Ultimately, it is economics that drives decisions relative to energy needs and whether coal conversion technologies can compete economically with crude oil. This article uses a case study approach to determine the economics of power generation, transportation fuels, and CO2 from coal. It specifies the commercial process, establishes the material balances, estimates the capital investment, and finally establishes the discounted rate of return on investment. It covers only green (capture of CO2 after gasification) or ultragreen (conversion of CO in the power plant feed to hydrogen-rich gas with water gas shift reactor, followed by CO2 capture) technology where CO2 emissions are captured and sequestered.

The six cases demonstrate the impact of key parameters, such as coal type (Eastern vs. Western), the coproduction of both electricity and liquid transportation fuels, and the use of CO2 for enhanced oil recovery (EOR) in nearby oil fields. All of these cases use only commercial proven technologies.

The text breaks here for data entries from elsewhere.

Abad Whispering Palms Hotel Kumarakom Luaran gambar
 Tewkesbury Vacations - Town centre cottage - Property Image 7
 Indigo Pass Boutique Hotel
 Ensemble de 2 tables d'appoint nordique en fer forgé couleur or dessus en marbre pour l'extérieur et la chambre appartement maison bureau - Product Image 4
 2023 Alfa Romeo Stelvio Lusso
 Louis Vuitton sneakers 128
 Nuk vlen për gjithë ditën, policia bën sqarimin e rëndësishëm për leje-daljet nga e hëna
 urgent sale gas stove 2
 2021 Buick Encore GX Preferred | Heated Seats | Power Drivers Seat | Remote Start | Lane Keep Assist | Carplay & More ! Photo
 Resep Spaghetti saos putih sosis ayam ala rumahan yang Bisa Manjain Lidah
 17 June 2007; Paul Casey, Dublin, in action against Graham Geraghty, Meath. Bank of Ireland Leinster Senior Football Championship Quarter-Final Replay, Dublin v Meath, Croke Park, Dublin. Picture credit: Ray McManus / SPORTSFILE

Four of the cases (1-4) are based on use of Montana Rosebud subbituminous coal, and two cases (5-6) are based on use of Illinois No. 6 bituminous coal:

  1. Coal to liquid transportation fuels, using F-T synthesis.
  2. Coal to electric power, using IGCC.
  3. Coal to both liquid transportation fuels and electric power.
  4. Ultragreen technology to eliminate essentially all CO2 emissions from the IGCC plant, using hydrogen-rich gas for the combustion turbine.
  5. Same as Case 3 but substituting high-sulfur, low-moisture Eastern coals feed instead of low-sulfur Western coal.
  6. Eastern high-sulfur, low-moisture coal with additional shift conversion to run in ultragreen mode with hydrogen-rich gas for combustion turbine

These cases are summarized in Table 3 with the products, investment, and return on investment (ROI). For this analysis, the price of oil was set at $60/bbl (conservatively equivalent to $1.80/gal for zero-sulfur diesel fuel), electricity at $35/Mw-hr, and CO2 at $1/Mscf to establish the cash flow.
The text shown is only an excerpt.